This is a Busan Ex-Pat City Guide post. Check out the rest of my list here.

Sometimes, I really, really love my school.

Like, when they cancel a field trip to a boring old arboretum to take the kiddies to the Busan Aquarium instead! This was good news for me because not only did I get to spend my day derping around with my seriously adorable homeroom class, but I also got to check another box off on the old Korean Bucket List. And for free! I’m trying to live relatively frugally these days, and frankly the ₩21,000 entrance fee to the Aquarium could be used to fill my gullet full of curry at Namaste. So, yay for an all-expense paid Brown & LCI field trip day!

I think if I had gone by myself to the Busan Aquarium, I literally would have been in and out in about 25 minutes, tops. But going with my kindergarten students was such a special treat. Their eyes were filled with a mixture of wonder and confusion, as the gaped at over 35,000 species of fish (or so the brochure told us). They may as well have been tugging at my heartstrings while tugging on my jacket, crying out “teacher!” as a penguin would dive into the tank and swim on by. Forget the fish, the looks of amazement on my kiddies faces were the real sight.

The Aquarium itself has three underground levels. We ended up visiting both exhibition floors, where we watched fish of the freaky and non-freaky variety, somersaulting finless porpoises, and penguins gliding majestically through the water. We walked through the glass-walled, seabed tunnel which felt just like walking on the ocean floor, as sea-life swam all around us. We also caught feeding time for the otters, and the kiddies had an opportunity to hold a starfish and other echinoderms. Tactile learning, y’all!
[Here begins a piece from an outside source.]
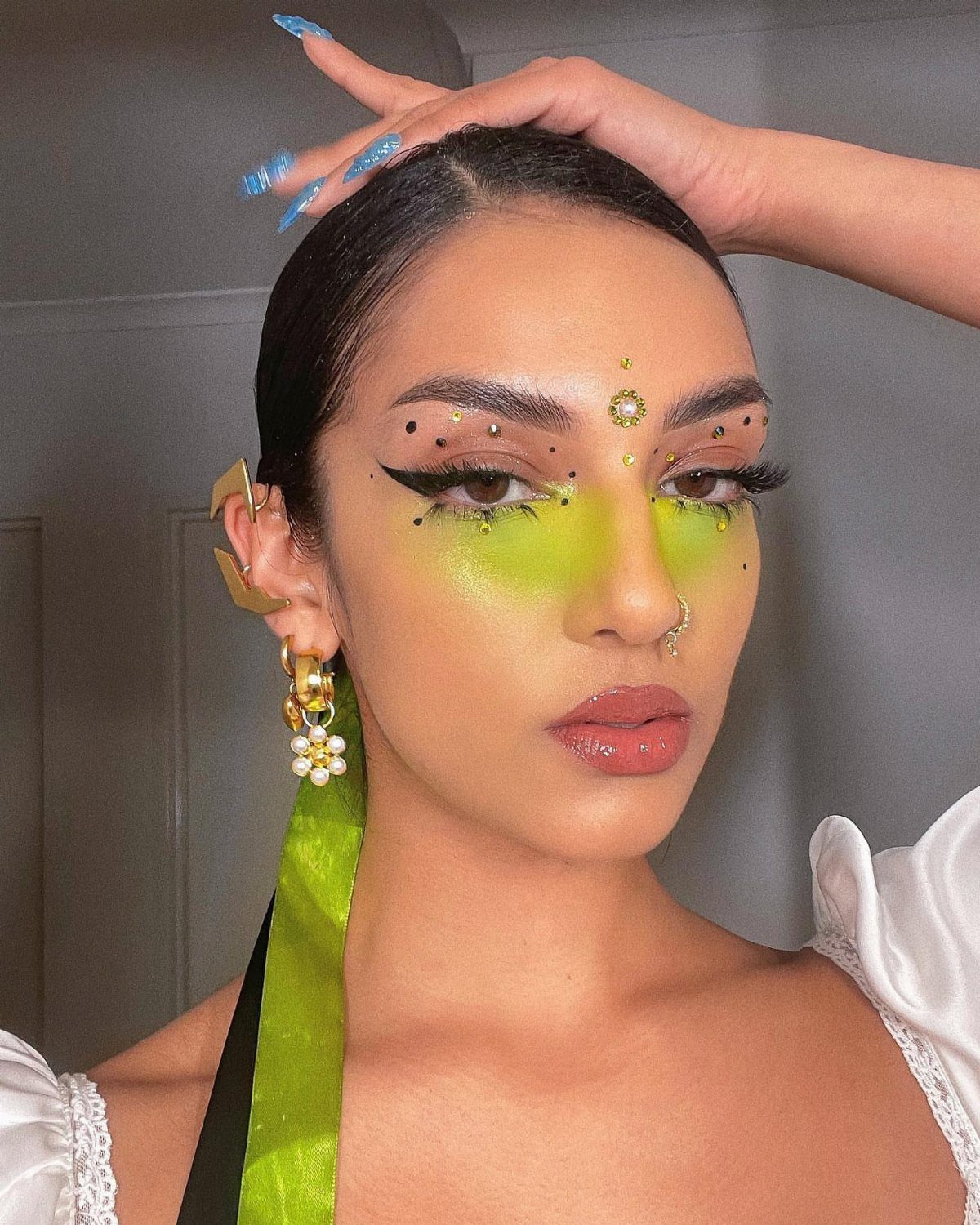 8 Eye Gem Ideas for Sparkly Party Makeup Looks 5 Woman with green eyeshadow and small black gems around her eyes and cheeks.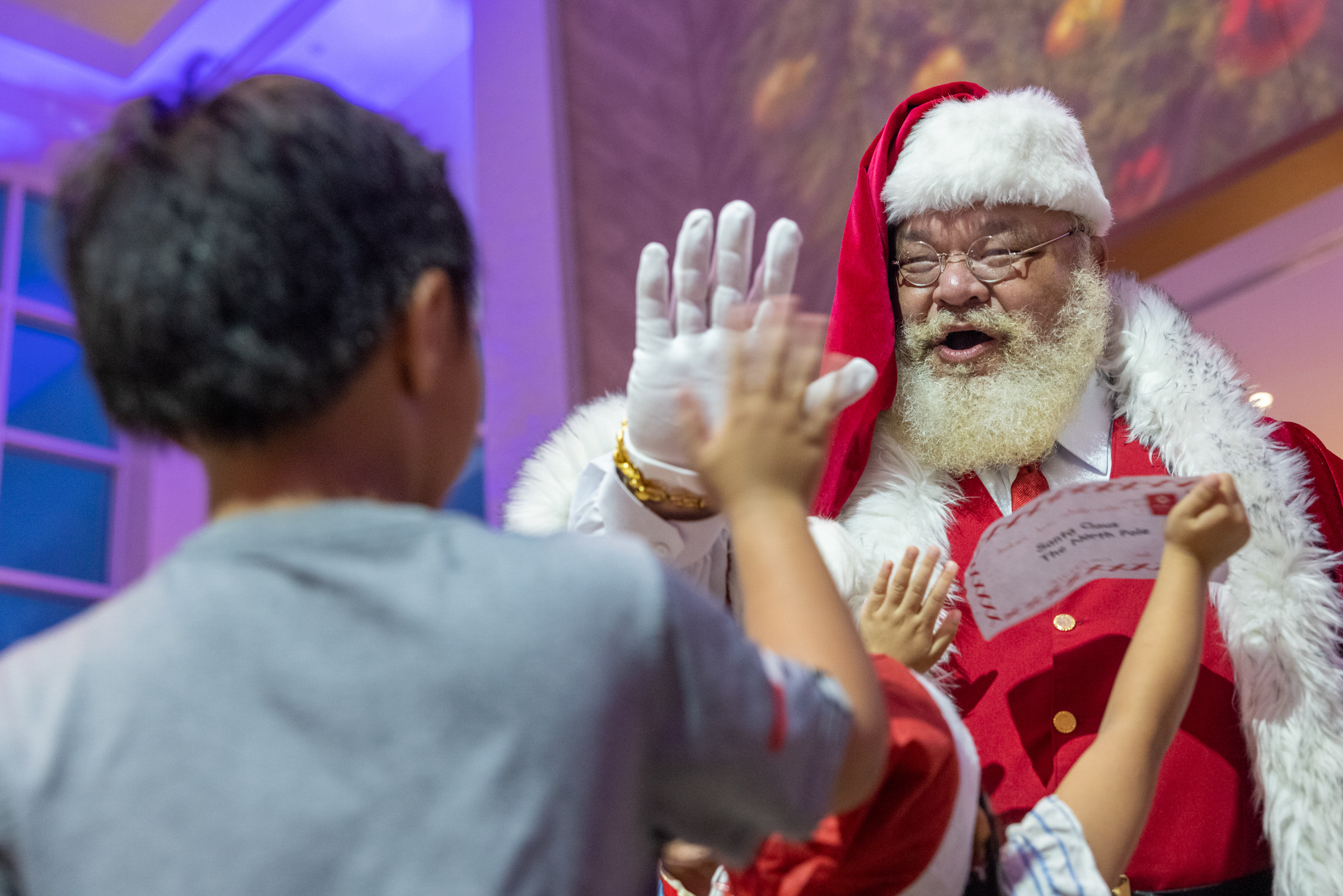 Santa Claus high-fives a child during a Christmas tree lighting ceremony in Tumon, Guam, Dec. 2, 2025. Marines with Marine Corps Base Camp Blaz joined the local community for a Christmas tree lighting ceremony, proudly escorting Santa and supporting the festivities as part of their continued involvement across the island during the holiday season.  (U.S. Marine Corps Photo by Cpl. Ryan Little)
Afterwards, we were all ushered into the auditorium for the “Music Talking Show with Diver”. The entire thing was in Korean, so I’m not exactly sure what was happening. There was basically an enthusiastic lady onstage, furiously jabbering away at a diver equipped with a microphone in the tank. This was followed by some singing, a volunteer from the audience experiencing the gift of magic, and my own dripping sweat from sitting in a balmy room with three Korean children on my lap.

I was a little disappointed that my school didn’t splurge on the Glass Bottom Boat Experience, where one can float around a tank filled with sharks and other fishies, but I guess you can’t have it all.

Our school ended up eating lunch in the Aquarium’s cafeteria, where my kids stuffed raspberries and cookies into my mouth. Lunch time is one of the best parts of a field trip, because the parents always pack more food for their kids to share with us teachers. I get to bond with the kids and I get to eat their food. It’s a win-win, truly.

When lunch was over, we escorted the kids down to Haeundae Beach for about 30 minutes to derp around in the sand, before heading back to school.

As I mentioned above, I’m not sure how much I would have enjoyed the Busan Aquarium without the “oohs” and “ahhs” of my 30 Korean kindergarten students, but it’s a pretty chill to spend an hour exploring. If you’re down at Haeundae Beach and are looking for something to do, the Aquarium might be the sound of settling, but at least it’s a pretty splashing sound.

Directions
To get to the Busan Aquarium, take the Green Line on the Busan Subway (Line 2) to Haeundae Station (stop 203). Go straight out exit 3 or 5, and proceed straight for about 5 minutes until you reach the road running parallel to the beach. Turn right, and the Aquarium will be right in front of you. Entrance to the Busan Aquarium is ₩21,000 for persons 13 and over, and ₩15,000 for persons under the age of 13.